* **Activity**
When you repeat the entries below, please keep them exact and leave out the pictures.

* **Recorded data**
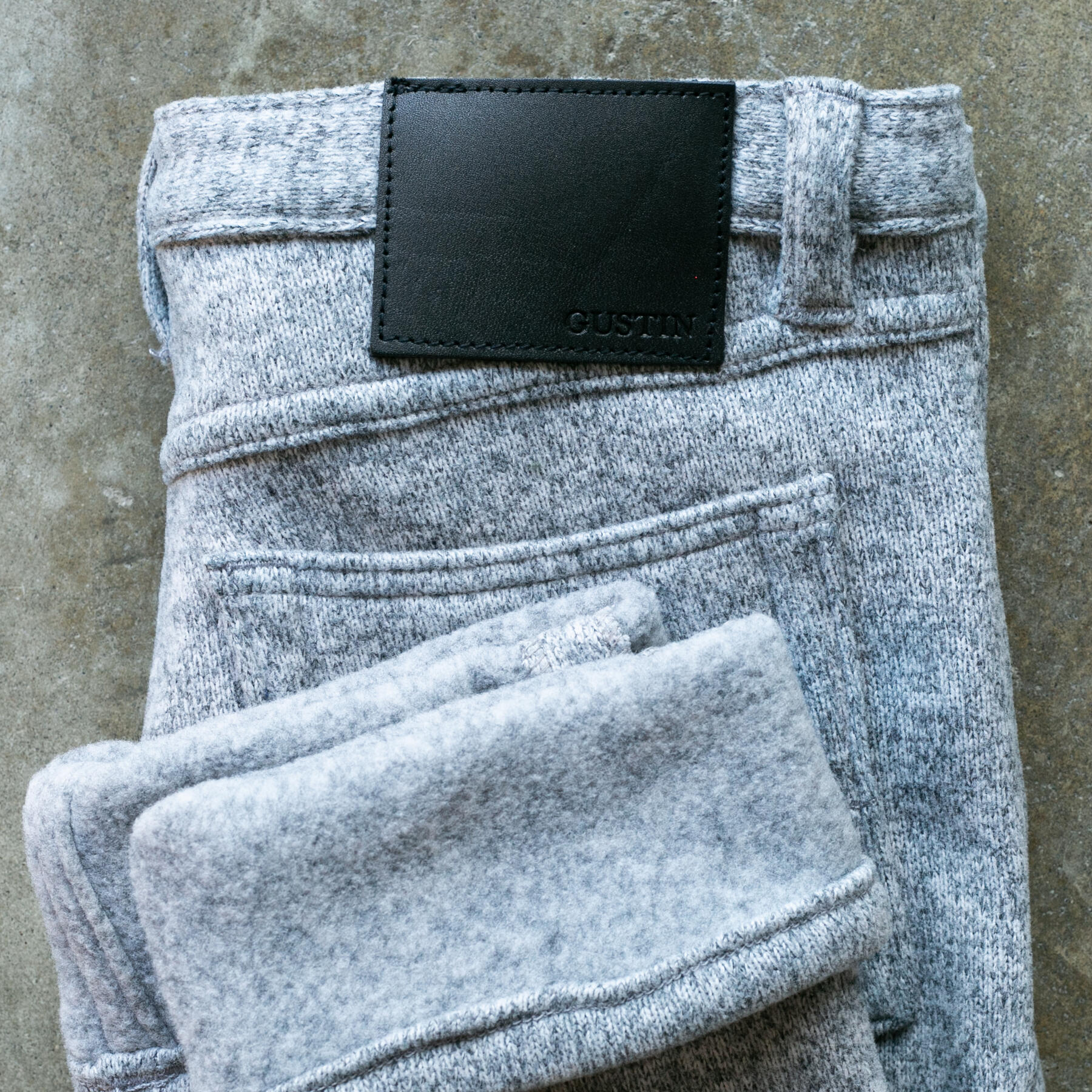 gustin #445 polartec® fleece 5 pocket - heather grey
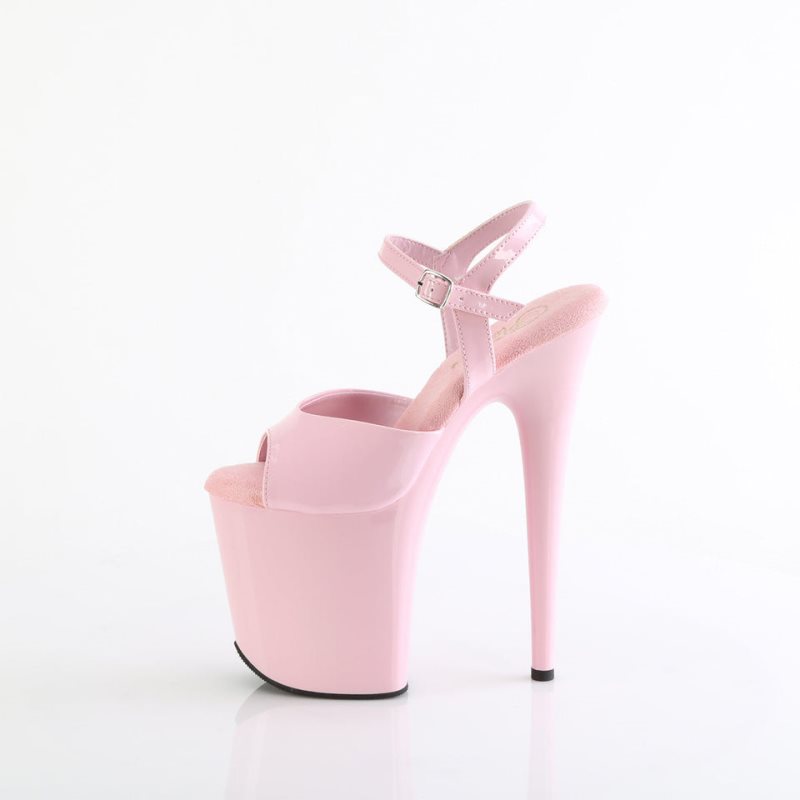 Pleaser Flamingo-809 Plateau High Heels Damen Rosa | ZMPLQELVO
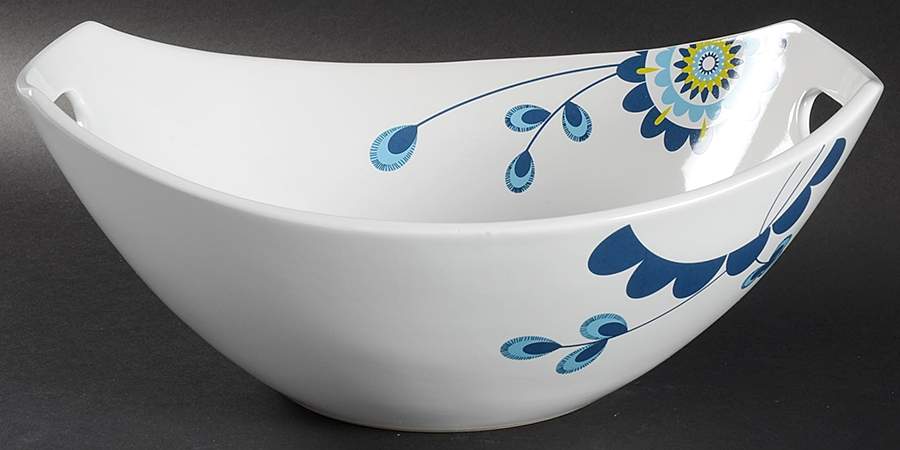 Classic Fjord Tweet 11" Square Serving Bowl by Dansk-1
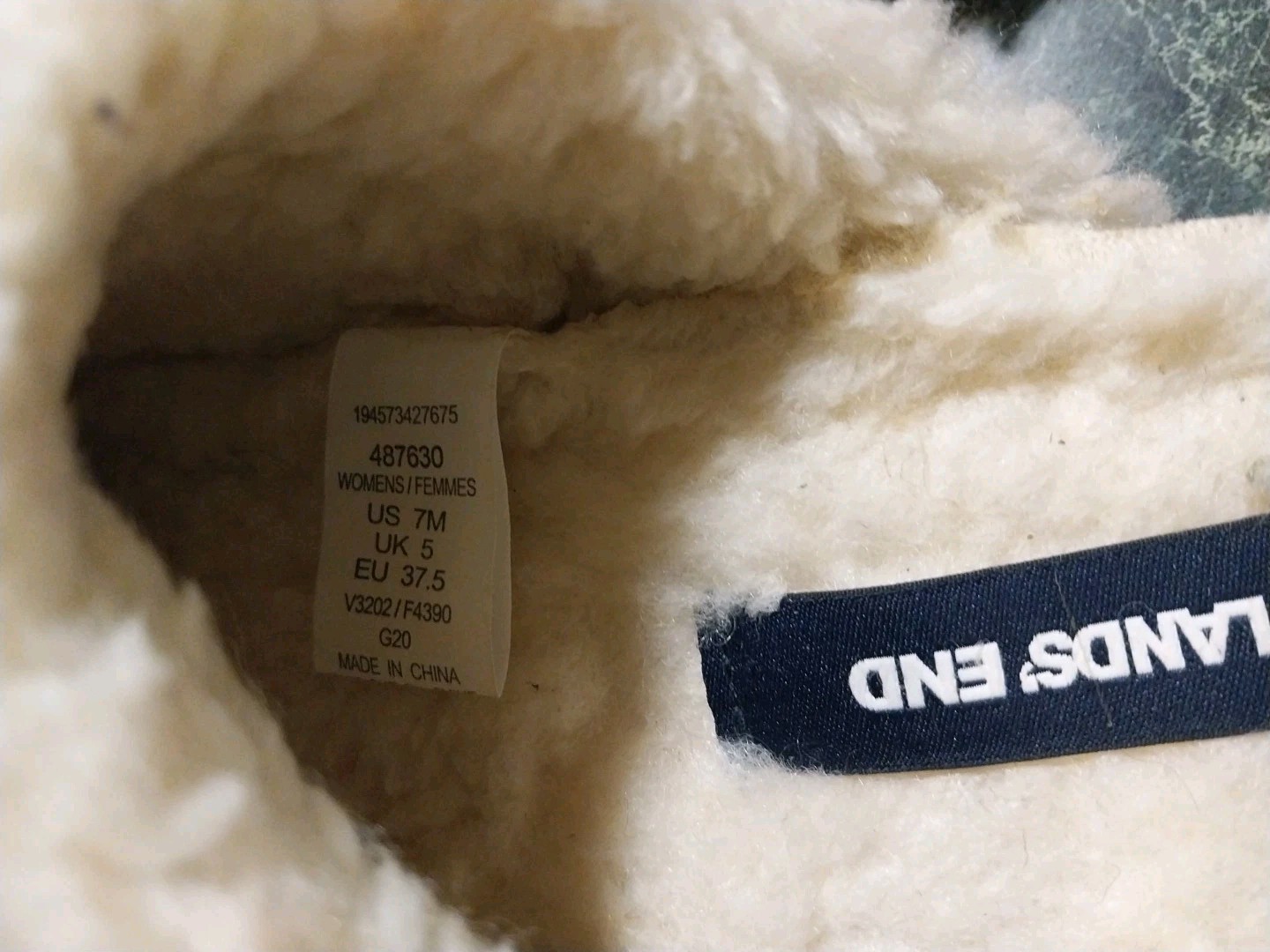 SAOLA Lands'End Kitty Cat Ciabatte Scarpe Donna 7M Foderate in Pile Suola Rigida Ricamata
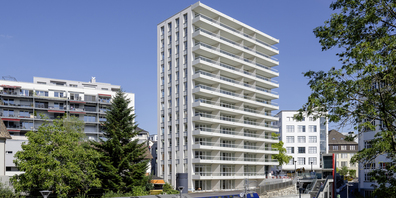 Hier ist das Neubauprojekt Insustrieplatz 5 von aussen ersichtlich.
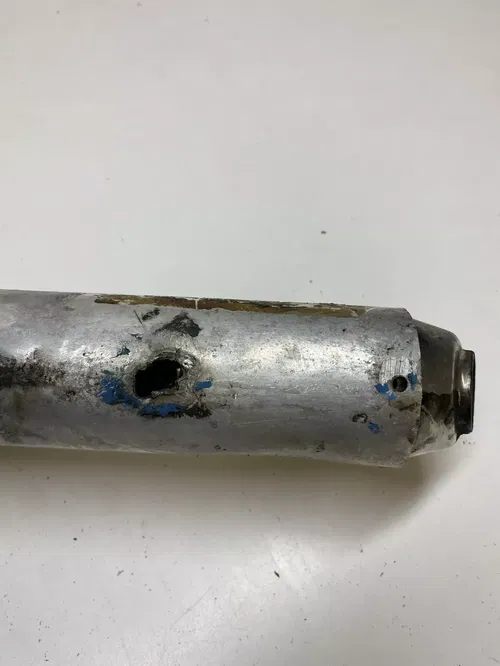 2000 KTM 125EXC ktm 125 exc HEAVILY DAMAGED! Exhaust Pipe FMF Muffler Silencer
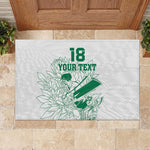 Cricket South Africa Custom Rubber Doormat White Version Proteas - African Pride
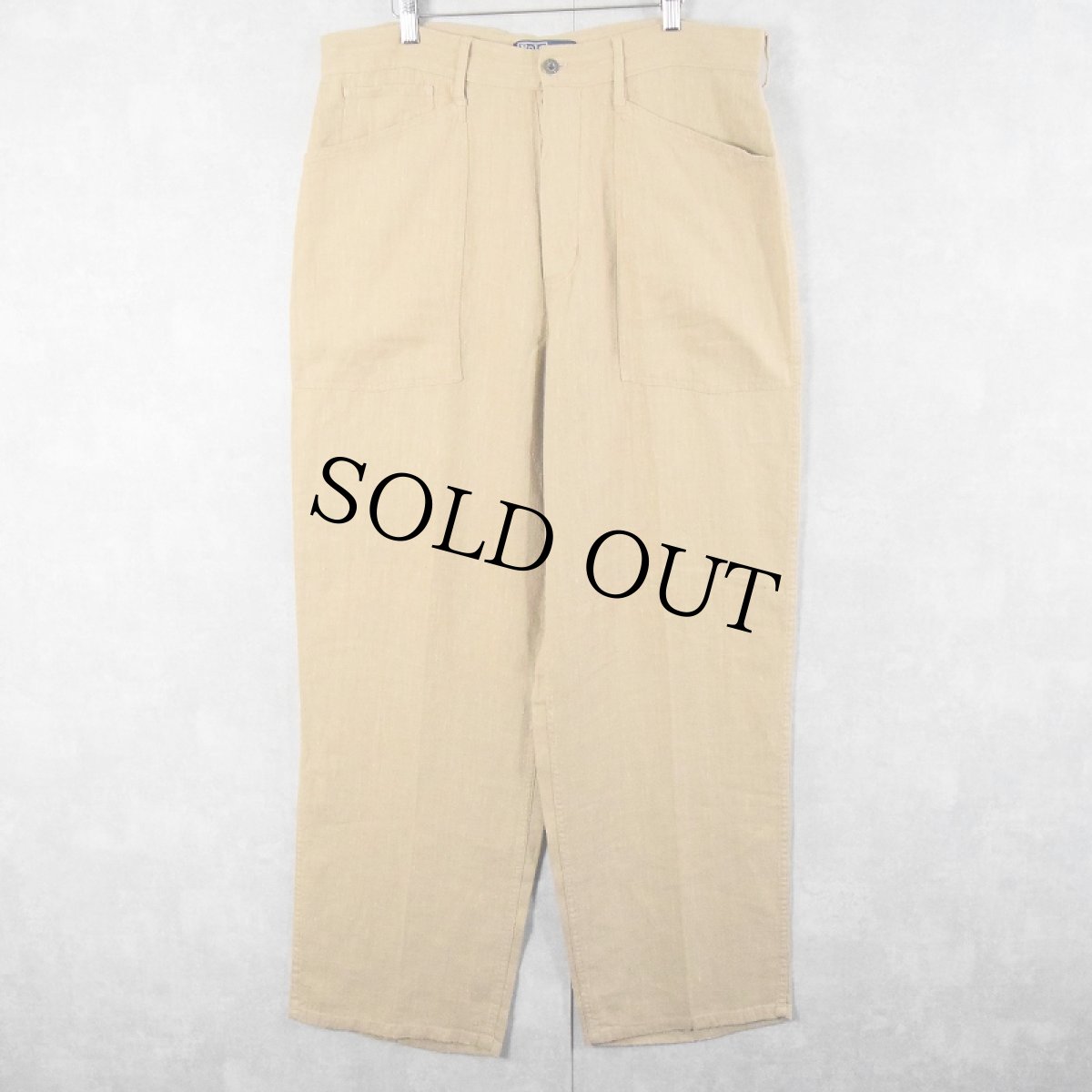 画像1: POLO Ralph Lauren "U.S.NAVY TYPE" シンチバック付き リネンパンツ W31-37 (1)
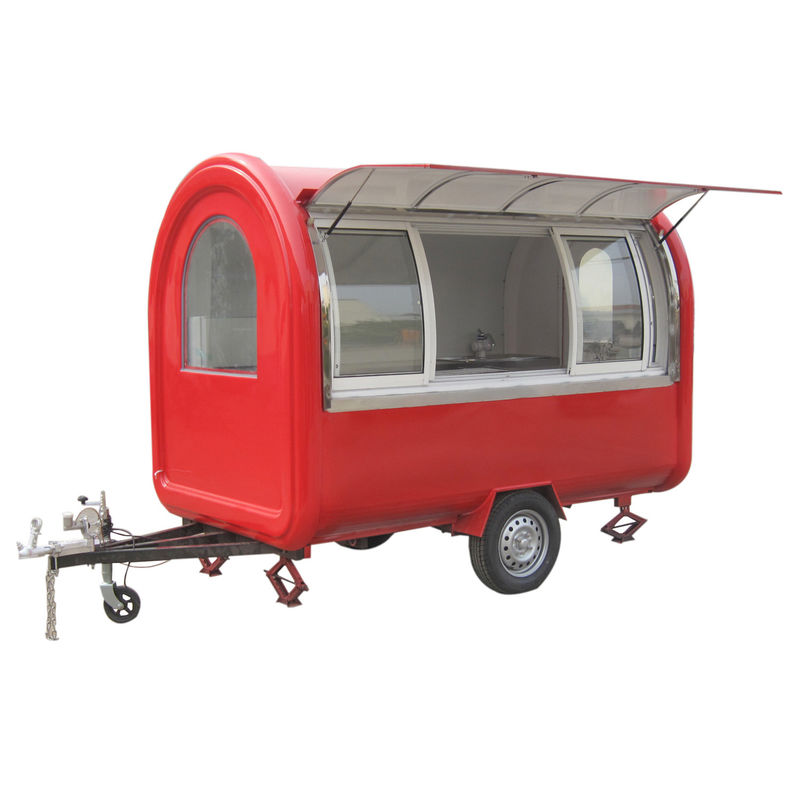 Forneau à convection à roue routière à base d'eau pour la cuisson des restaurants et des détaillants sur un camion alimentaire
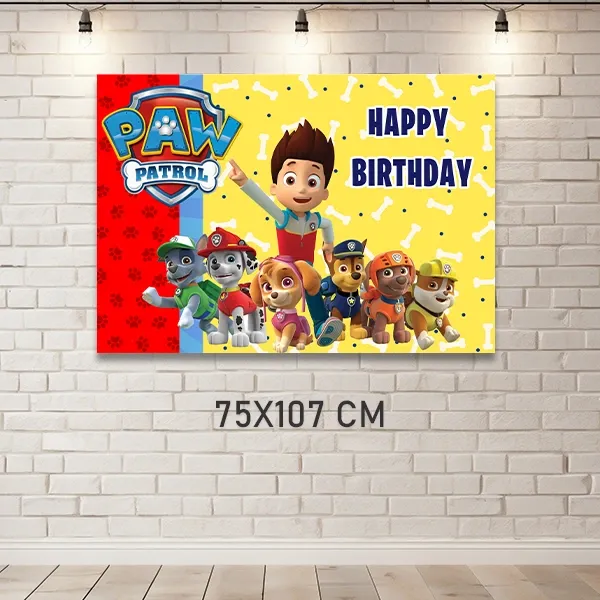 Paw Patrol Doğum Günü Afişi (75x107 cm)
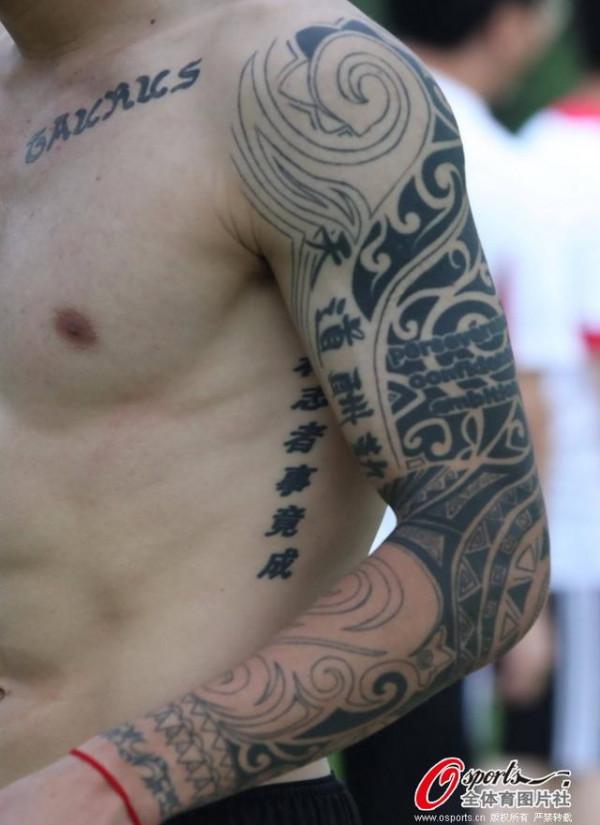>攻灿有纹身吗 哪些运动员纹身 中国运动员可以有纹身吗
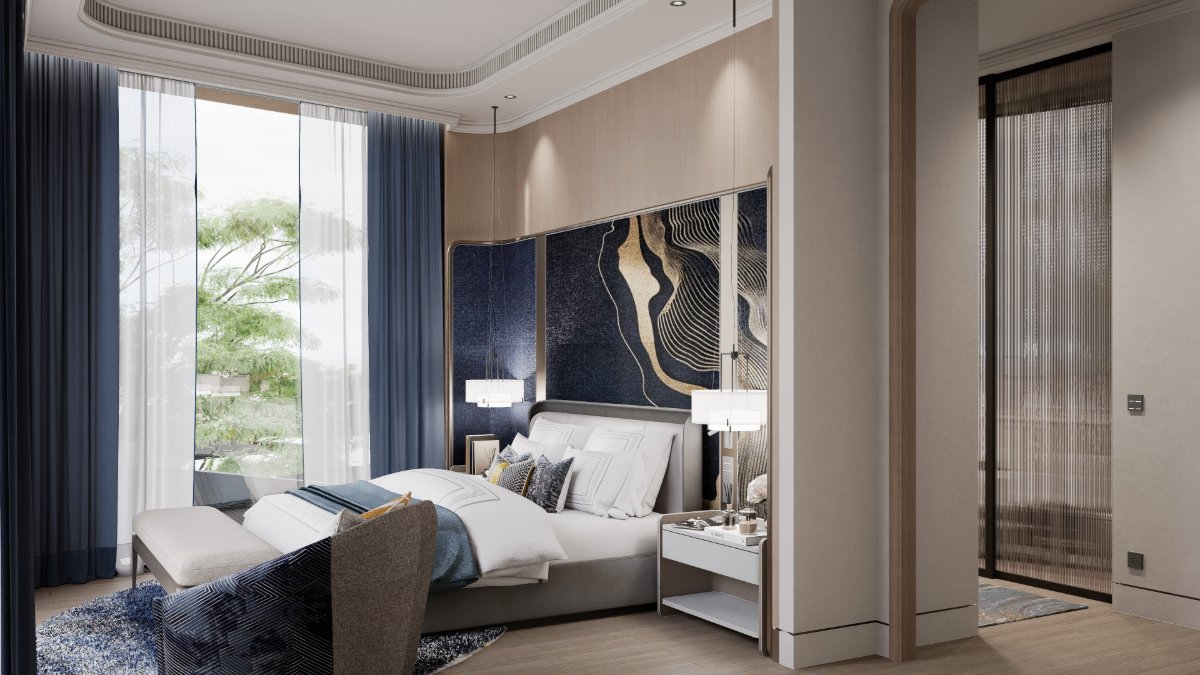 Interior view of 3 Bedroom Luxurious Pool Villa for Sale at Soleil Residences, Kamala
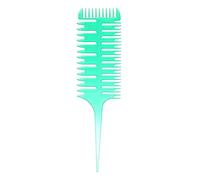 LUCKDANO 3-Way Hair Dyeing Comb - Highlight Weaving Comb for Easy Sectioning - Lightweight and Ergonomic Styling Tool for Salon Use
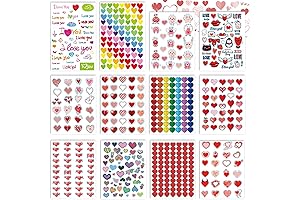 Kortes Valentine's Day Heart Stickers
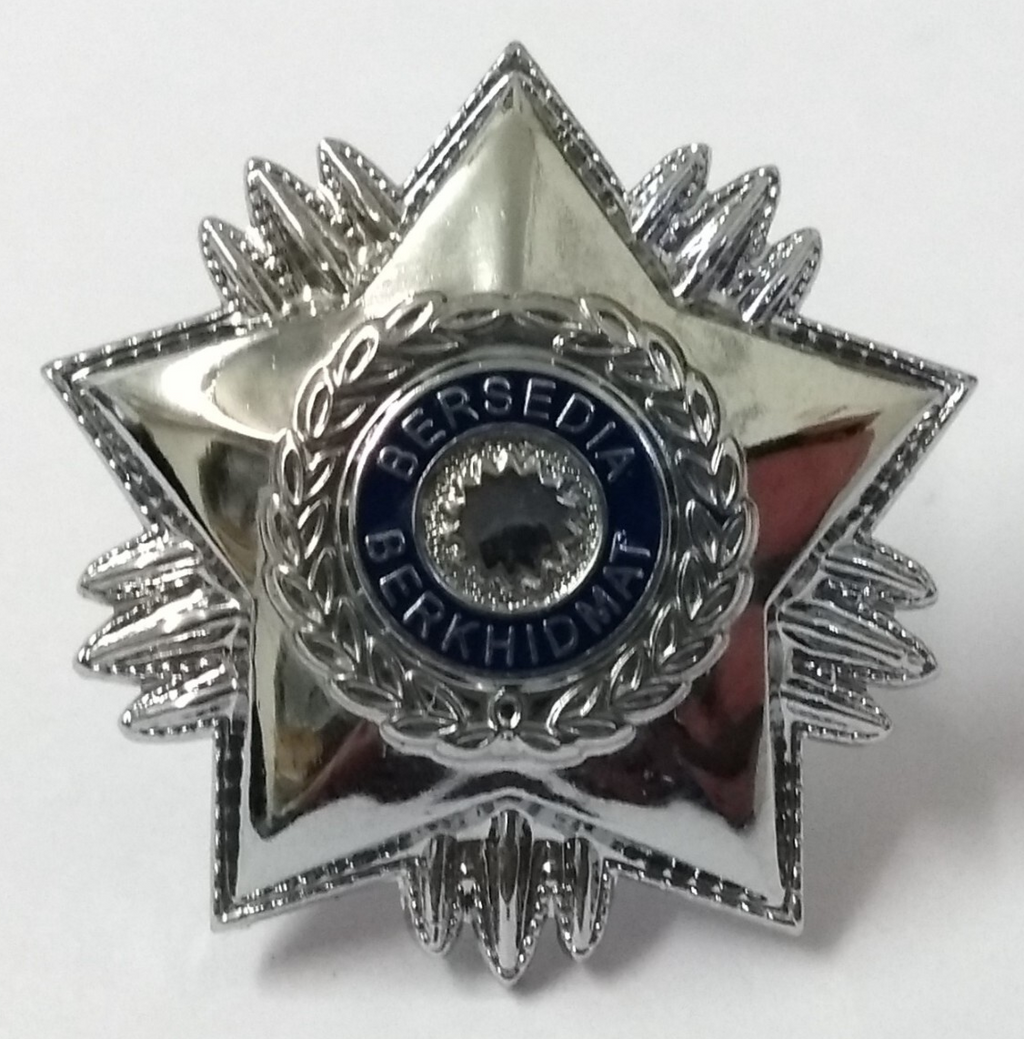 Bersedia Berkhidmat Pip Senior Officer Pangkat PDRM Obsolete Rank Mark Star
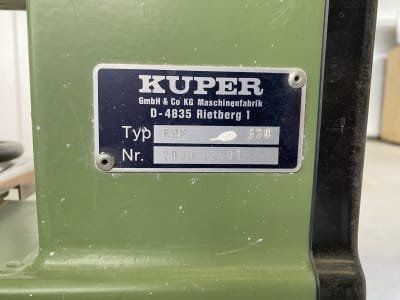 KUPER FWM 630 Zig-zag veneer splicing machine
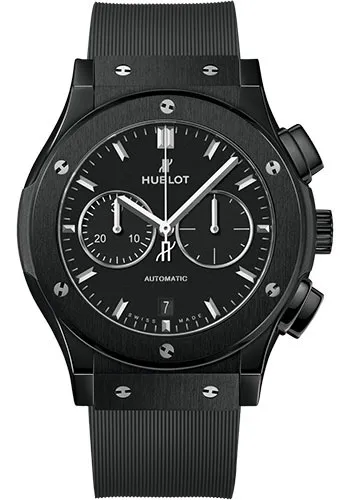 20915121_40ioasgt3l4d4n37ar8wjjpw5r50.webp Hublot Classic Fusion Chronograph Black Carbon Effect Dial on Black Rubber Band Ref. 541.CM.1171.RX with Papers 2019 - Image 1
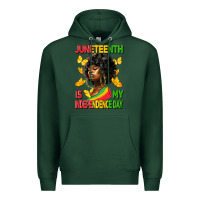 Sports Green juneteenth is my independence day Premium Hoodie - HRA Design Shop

* **Result for this task**
 gustin #445 polartec® fleece 5 pocket - heather grey
 Pleaser Flamingo-809 Plateau High Heels Damen Rosa | ZMPLQELVO
 Classic Fjord Tweet 11" Square Serving Bowl by Dansk-1
 SAOLA Lands'End Kitty Cat Ciabatte Scarpe Donna 7M Foderate in Pile Suola Rigida Ricamata
 Hier ist das Neubauprojekt Insustrieplatz 5 von aussen ersichtlich.
 2000 KTM 125EXC ktm 125 exc HEAVILY DAMAGED! Exhaust Pipe FMF Muffler Silencer
 Cricket South Africa Custom Rubber Doormat White Version Proteas - African Pride
 画像1: POLO Ralph Lauren "U.S.NAVY TYPE" シンチバック付き リネンパンツ W31-37 (1)
 Forneau à convection à roue routière à base d'eau pour la cuisson des restaurants et des détaillants sur un camion alimentaire
 Paw Patrol Doğum Günü Afişi (75x107 cm)
>攻灿有纹身吗 哪些运动员纹身 中国运动员可以有纹身吗
 Interior view of 3 Bedroom Luxurious Pool Villa for Sale at Soleil Residences, Kamala
 LUCKDANO 3-Way Hair Dyeing Comb - Highlight Weaving Comb for Easy Sectioning - Lightweight and Ergonomic Styling Tool for Salon Use
 Kortes Valentine's Day Heart Stickers
 Bersedia Berkhidmat Pip Senior Officer Pangkat PDRM Obsolete Rank Mark Star
 KUPER FWM 630 Zig-zag veneer splicing machine
 20915121_40ioasgt3l4d4n37ar8wjjpw5r50.webp Hublot Classic Fusion Chronograph Black Carbon Effect Dial on Black Rubber Band Ref. 541.CM.1171.RX with Papers 2019 - Image 1
 Sports Green juneteenth is my independence day Premium Hoodie - HRA Design Shop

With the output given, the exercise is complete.